History

Great Britain
- Name: Ranger
- Launched: 1774, Virginia
- Acquired: 1786
- Fate: Wrecked 1797

General characteristics
- Tons burthen: 300, or 350 (bm)
- Armament: 6 × 4-pounder guns (1781–1783)

= Ranger (1786 ship) =

Ranger was launched in 1774 in Virginia, possibly under another name. Between at least 1781 and 1786 she was the London transport Thames. Then from 1786 until 1794, she became the Hull-based whaler Ranger. She was wrecked in 1797.

==Career==
Unavailable issues and missing pages in issues available on line mean that Thames first appeared in Lloyd's Register in 1781.

| Year | Master | Owner | Trade | Source & notes |
|---|---|---|---|---|
| 1781 | J.Moody | Scott & Co. | New York–London London transport | LR |
| 1782 | J.Moody A.M'Larty | Scott & Co. | London transport | LR |
| 1784 | A.M'Iarty | Scott & Co. | London transport | LR |
| 1786 | A.M'Iarty | Scott & Co. | London | LR; thorough repair 1785 |

In 1786 new owners renamed Thames Ranger, and sailed her as a whaler in the Greenland whale fishery.

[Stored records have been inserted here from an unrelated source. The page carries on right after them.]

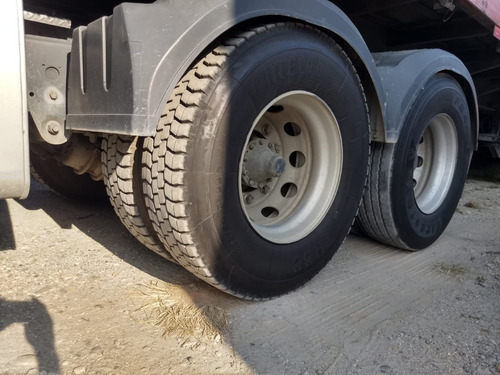 Imagem 2 de 5 de Scania 113h / 360 - Trucado - (revisada) - 1994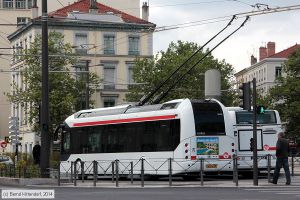 Bild: lyon1839_bk1404290200.jpg - anklicken zum Vergrößern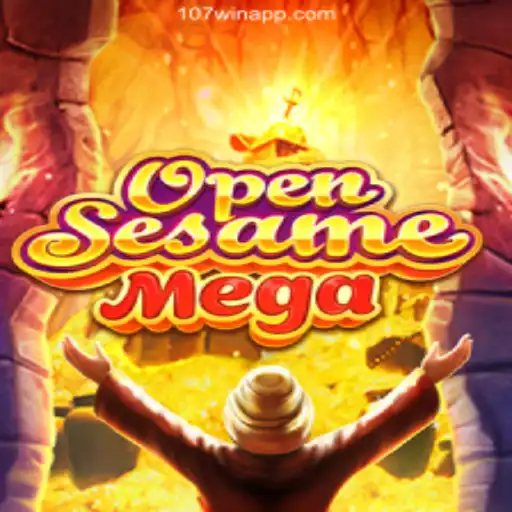 OpenSesameMega: A Thrilling Dive into Daily Excitement and Fun
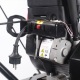 Снегоуборщик Patriot PRO 981 ED в Липецке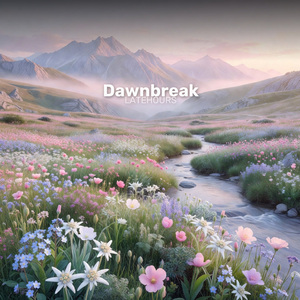 Dawnbreak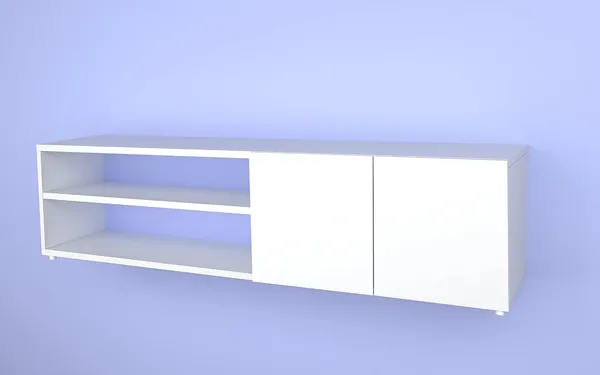 Rosebell_White_Engineered_Wood_Tv_Unit_For_Home_Decor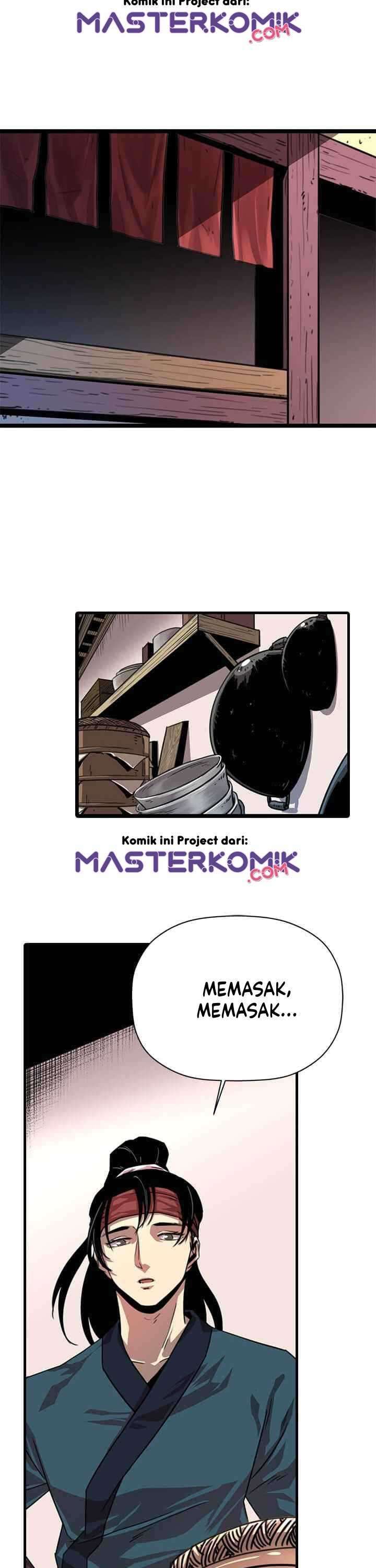 image-komik-bachelors-return-chapter-2-36/52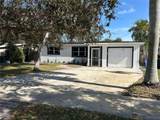 3835 Arlington Street - Photo 31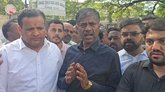 ಆಗ್ನೇಯ ಪದವೀಧರ ಕ್ಷೇತ್ರಕ್ಕೆ ಶಾಂತಿಯುತ ಮತದಾನ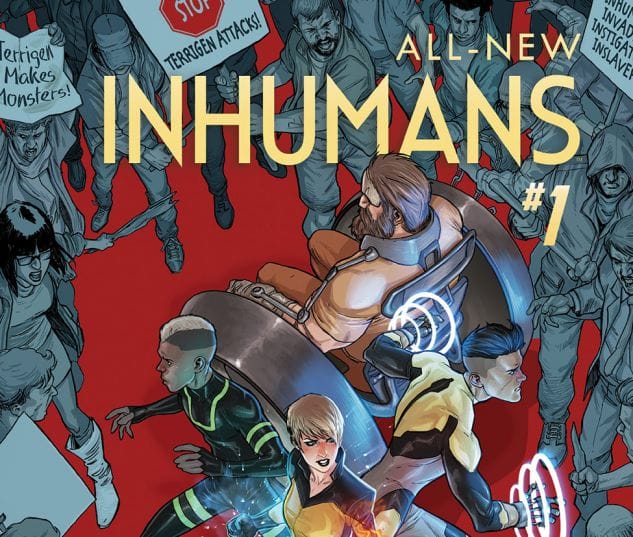 the-inhumans-xmen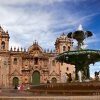 Why Travel To Cusco – Peru?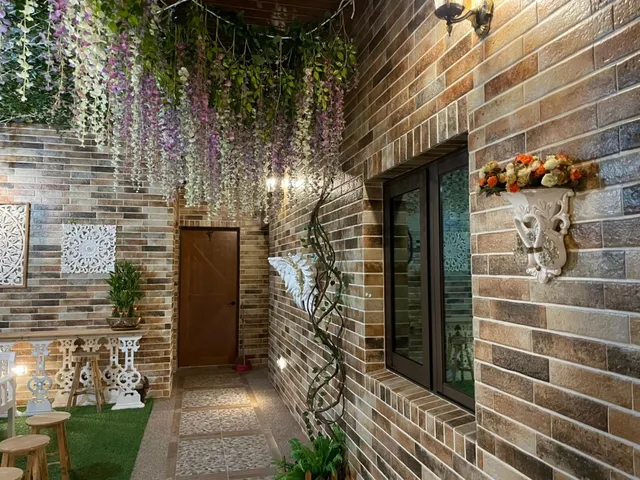 上福民宿 - 附KTV 團體包棟平價民宿 套裝行程 潛水住宿推薦 親子人氣旅遊 民宿住宿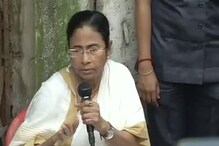 দুর্ঘটনাগ্রস্থদের পাশে থাকার বার্তা মুখ্যমন্ত্রীর, অভিযোগের আঙুল উঠল বামেদের দিকে দুর্ঘটনাগ্রস্থদের পাশে থাকার বার্তা মুখ্যমন্ত্রীর, অভিযোগের আঙুল উঠল বামেদের দিকে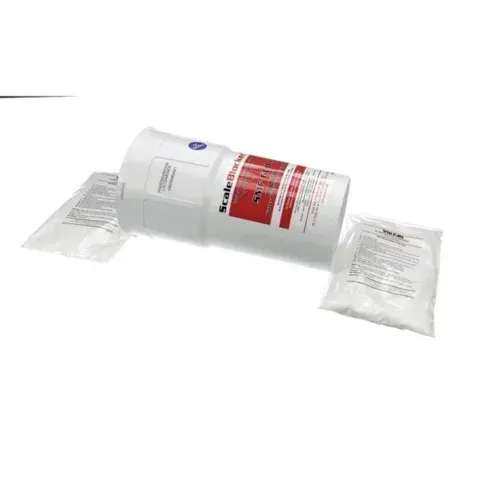 AllPoints Foodservice Parts & Supplies 8009080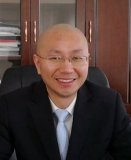 鄒錚賢: 國內芯片IP第一人,從過去到未來一直在...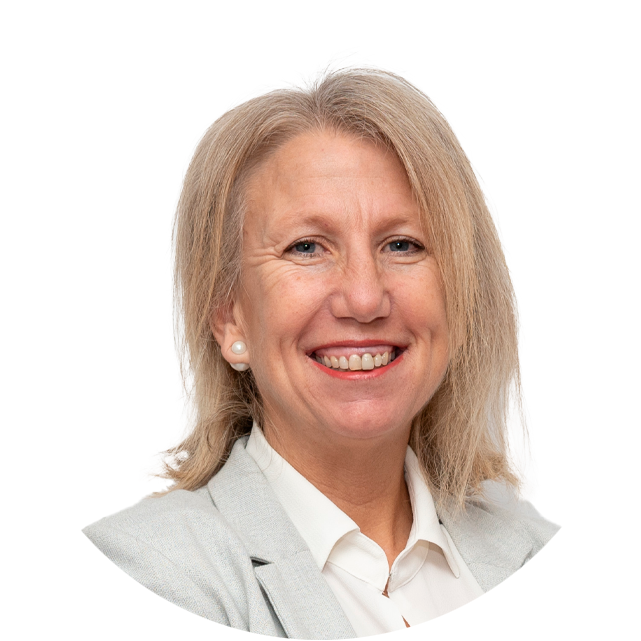 vicepresidenta ines batle fehm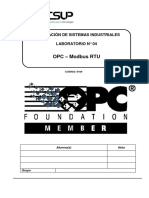 Lab 04 - OPC_modbus_RTU.docx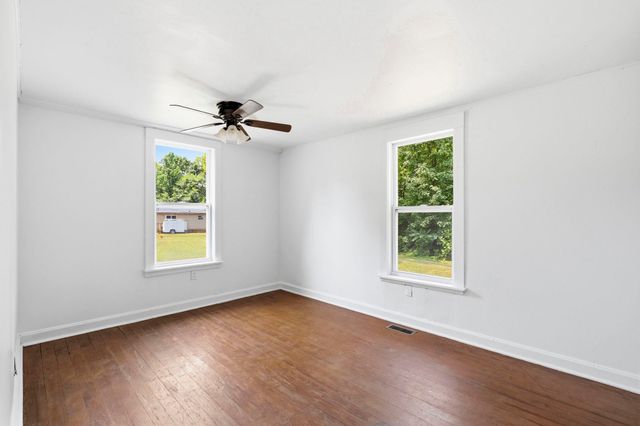 209 Marietta Street, Gaffney, SC 29340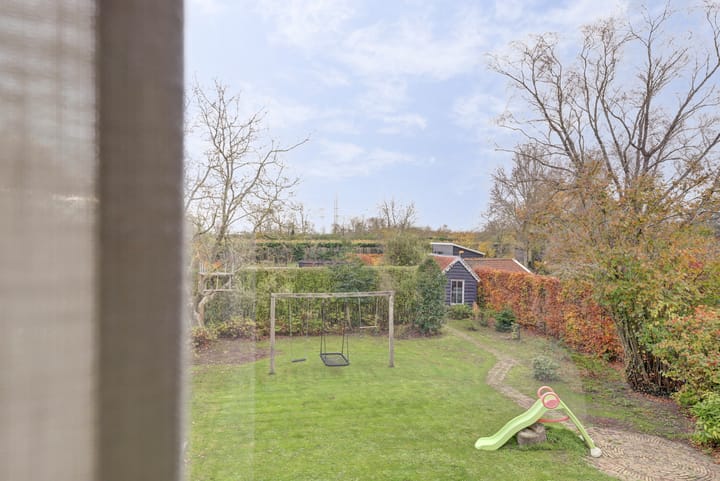 Foto 18 van Veerweg 6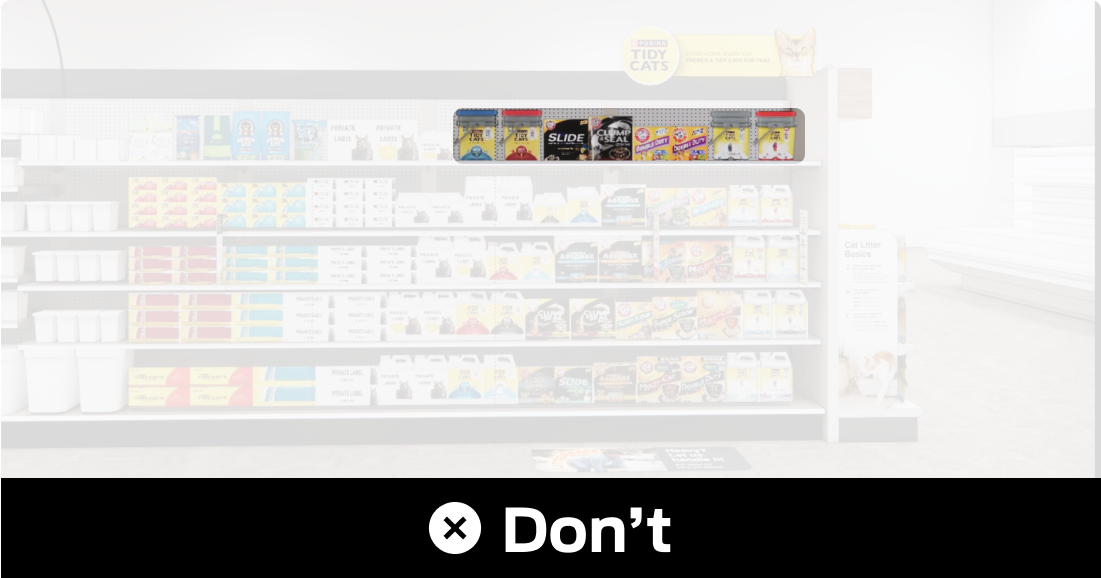 cat-litter-ease-dont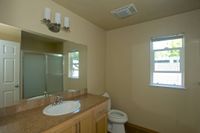 #7 - Full Bath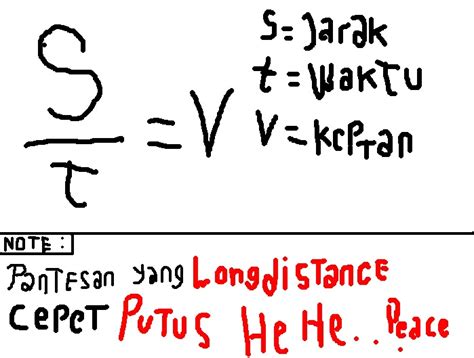 Maksud atau isi pada gurindam ada di baris kedua. Kata Kata Rayuan Fisika - Bermakna Bijak
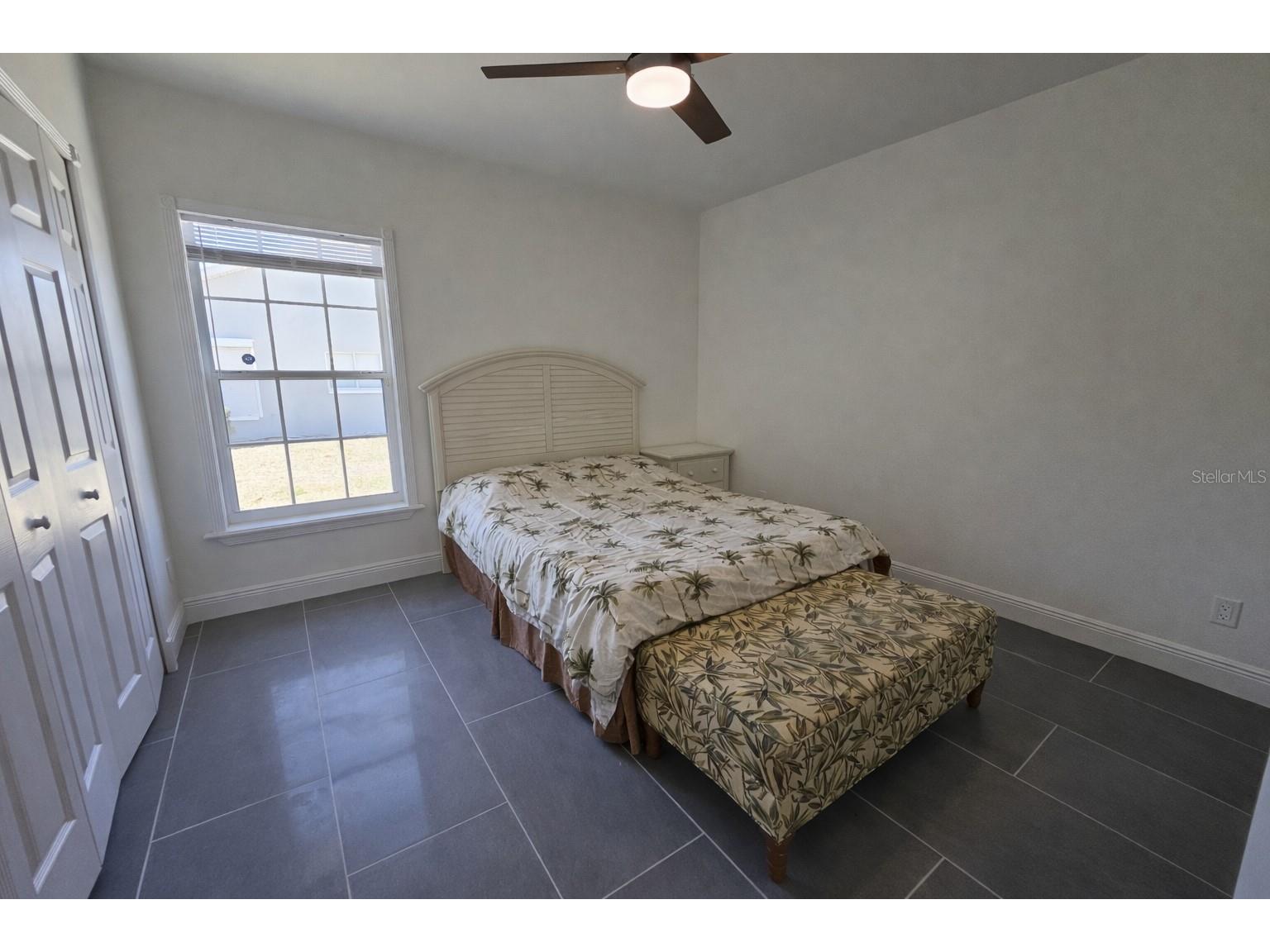 1440 Graham Circle Lehigh Acres FL 33936 C7522549 image22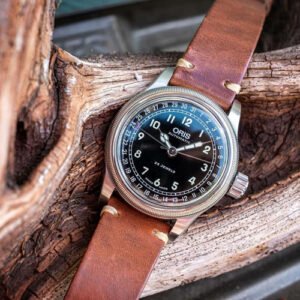 Boys Watch Bands for Everyday Style and Comfort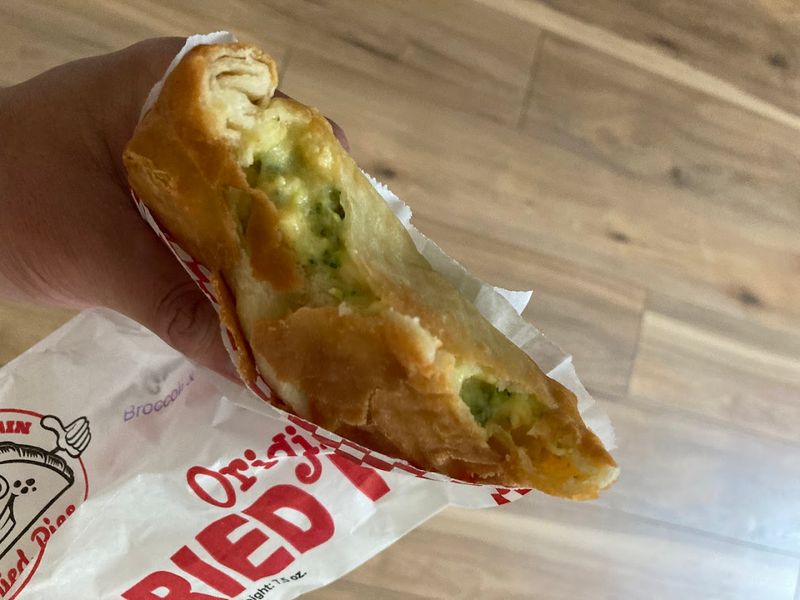 Fresh Made to Order Changes Everything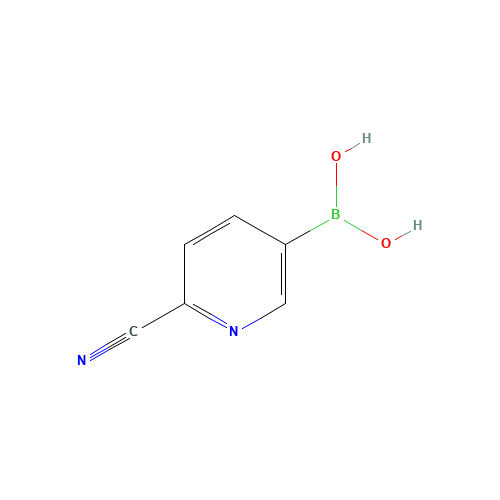 FT-0686882 CAS:1011722-07-8 chemical structure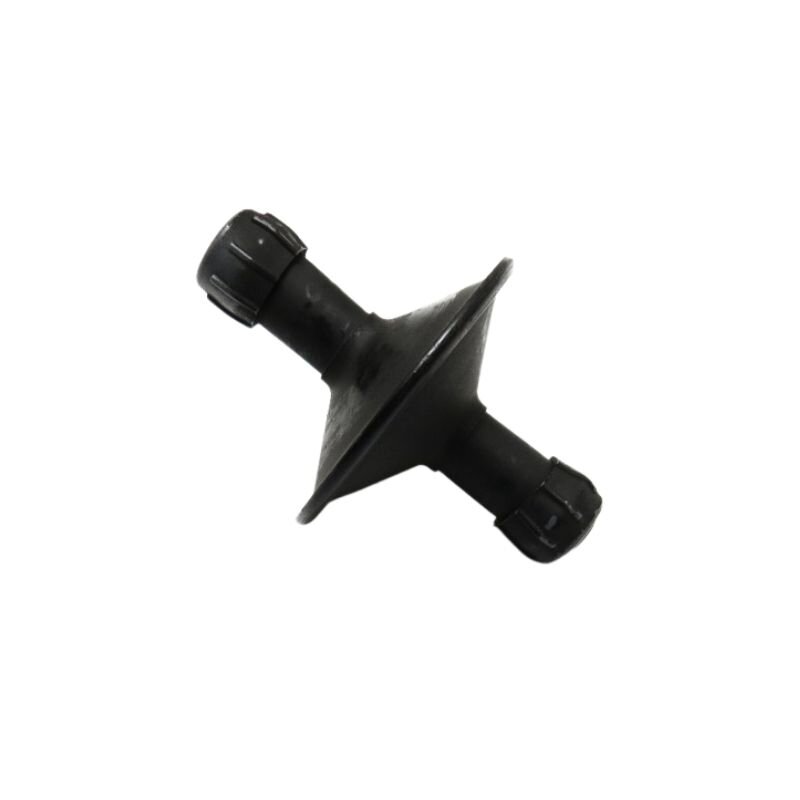 Filtras 70-1405230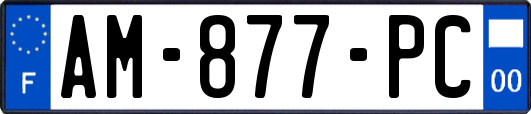 AM-877-PC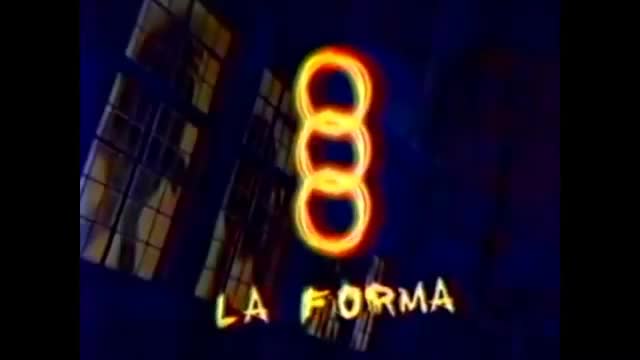 Kapo en Botella - Chile, 2000 Kapo en Botella - Chile, 2000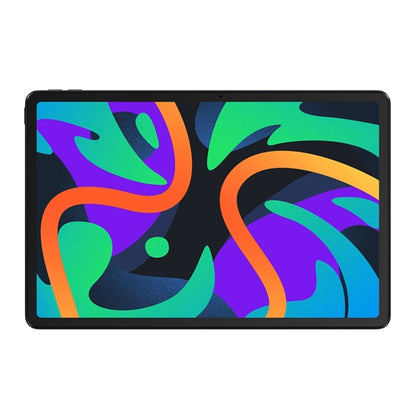 Lenovo Xiaoxin Pad 2024 11 inch WiFi Tablet, Android 13, Qualcomm Snapdragon 685 Octa Core, Support Face Identification, 6GB+128GB, 8GB+128GB
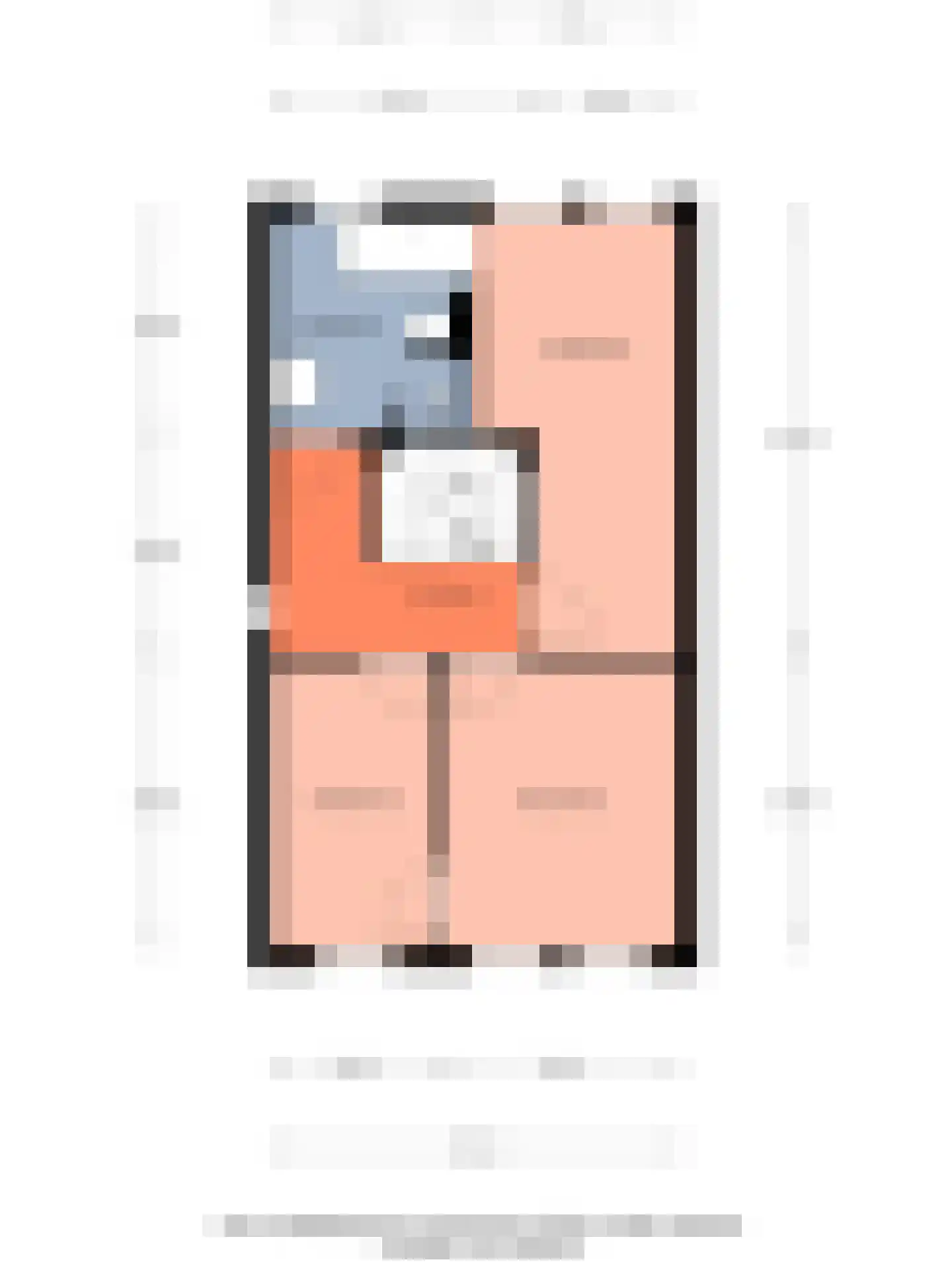 Grutto 12 Beltrum thumbnail 55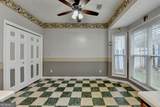302 Cimarron Way - Photo 28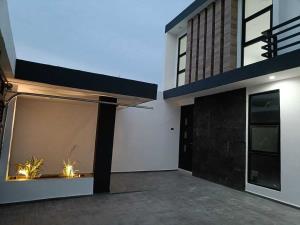 Casa en venta en El Morro las Colonias, Boca del Río — foto 3 de 7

| Year | Master | Owner | Trade | Source & notes |
|---|---|---|---|---|
| 1786 | John Potts | Towers & Co. | Hull–Greenland | LR; thorough repair 1785 |

| Year | Master | Where | Whales | Tuns blubber | Seals |
|---|---|---|---|---|---|
| 1786 | Potts | Greenland | 6 (or 8) | 86.25 | 0 (or 149) |
| 1787 | Potts | Greenland | 6 | 86.5 | 0 (or 59 + 2 "sea horses") |
| 1788 | Potts | Greenland | 4 | 28 | 0 |
| 1789 | Potts | Greenland | 1 (or 2) | 16 | 31 |

| Year | Master | Owner | Trade | Source & notes |
|---|---|---|---|---|
| 1790 | J.Potts | Captain & Co. Gilder & Co. | Hull–Greenland Hull–Baltic | LR; thorough repair 1785 & damages repaired 1790 |
| 1791 | W.Chester J.Potts | Gilder & Co. | Hull–Baltic Hull–Greenland | LR; thorough repair 1785 & damages repaired 1790 |
| 1792 | E.Hall J.Potts | Gilder & Co. | Petersburg–Hull | LR; thorough repair 1785 & damages repaired 1790 |
| 1793 | Illegible M.Newham | Gilder & Co. | Hull–Greenland | LR; thorough repair 1785 & damages repaired 1790 |

| Year | Master | Where | Whales | Tuns blubber | Seals |
| 1791 | Potts | Greenland |  |  |  |
| 1792 | Potts | Greenland | 3 | 52.25 | 0 |
| 1793 |  |  | 3 | 55.5 | 180 |
| 1794 | Newham | Greenland |  |  |

| Year | Master | Owner | Trade | Source & notes |
|---|---|---|---|---|
| 1794 | M.Newham | Gilder & Co. | Hull–Greenland | LR; thorough repair 1785, damages repaired 1790, & good repair 1793 |

==Fate==
In January 1797 Lloyd's List reported that Ranger, Potts, master, had run aground at Whitby while coming from Shields. It was expected that she would be lost.

Ranger was last listed in 1797 with data unchanged since 1794.